What you need to produce from the material below is an exact transcription of the lines from the one with "Photo ソファに座って、枕、孤独、悲しみの概念を抱き締める女性" through the one with "Naklejka na ściany", both included, and no other line.

- Opening Delimiter -

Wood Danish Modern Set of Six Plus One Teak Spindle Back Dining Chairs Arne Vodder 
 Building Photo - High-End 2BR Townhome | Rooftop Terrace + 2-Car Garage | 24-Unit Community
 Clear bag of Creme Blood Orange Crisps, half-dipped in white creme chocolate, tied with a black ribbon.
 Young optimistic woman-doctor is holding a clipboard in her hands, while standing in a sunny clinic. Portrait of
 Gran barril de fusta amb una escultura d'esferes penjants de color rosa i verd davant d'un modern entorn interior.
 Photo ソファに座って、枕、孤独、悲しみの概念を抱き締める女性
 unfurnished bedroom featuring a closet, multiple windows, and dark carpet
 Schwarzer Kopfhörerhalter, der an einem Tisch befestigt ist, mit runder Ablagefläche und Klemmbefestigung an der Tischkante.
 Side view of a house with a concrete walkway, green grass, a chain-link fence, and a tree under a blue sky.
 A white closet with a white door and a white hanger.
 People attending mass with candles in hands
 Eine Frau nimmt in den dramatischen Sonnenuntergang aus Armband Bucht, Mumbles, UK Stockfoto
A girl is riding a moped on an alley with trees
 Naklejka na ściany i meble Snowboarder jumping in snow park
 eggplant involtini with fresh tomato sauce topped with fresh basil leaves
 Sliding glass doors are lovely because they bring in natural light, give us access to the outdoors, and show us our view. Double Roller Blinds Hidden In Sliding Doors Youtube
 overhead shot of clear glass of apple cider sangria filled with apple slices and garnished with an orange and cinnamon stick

- Closing Delimiter -

*EXERCISE RESPONSE:*
 Photo ソファに座って、枕、孤独、悲しみの概念を抱き締める女性
 unfurnished bedroom featuring a closet, multiple windows, and dark carpet
 Schwarzer Kopfhörerhalter, der an einem Tisch befestigt ist, mit runder Ablagefläche und Klemmbefestigung an der Tischkante.
 Side view of a house with a concrete walkway, green grass, a chain-link fence, and a tree under a blue sky.
 A white closet with a white door and a white hanger.
 People attending mass with candles in hands
 Eine Frau nimmt in den dramatischen Sonnenuntergang aus Armband Bucht, Mumbles, UK Stockfoto
A girl is riding a moped on an alley with trees
 Naklejka na ściany i meble Snowboarder jumping in snow park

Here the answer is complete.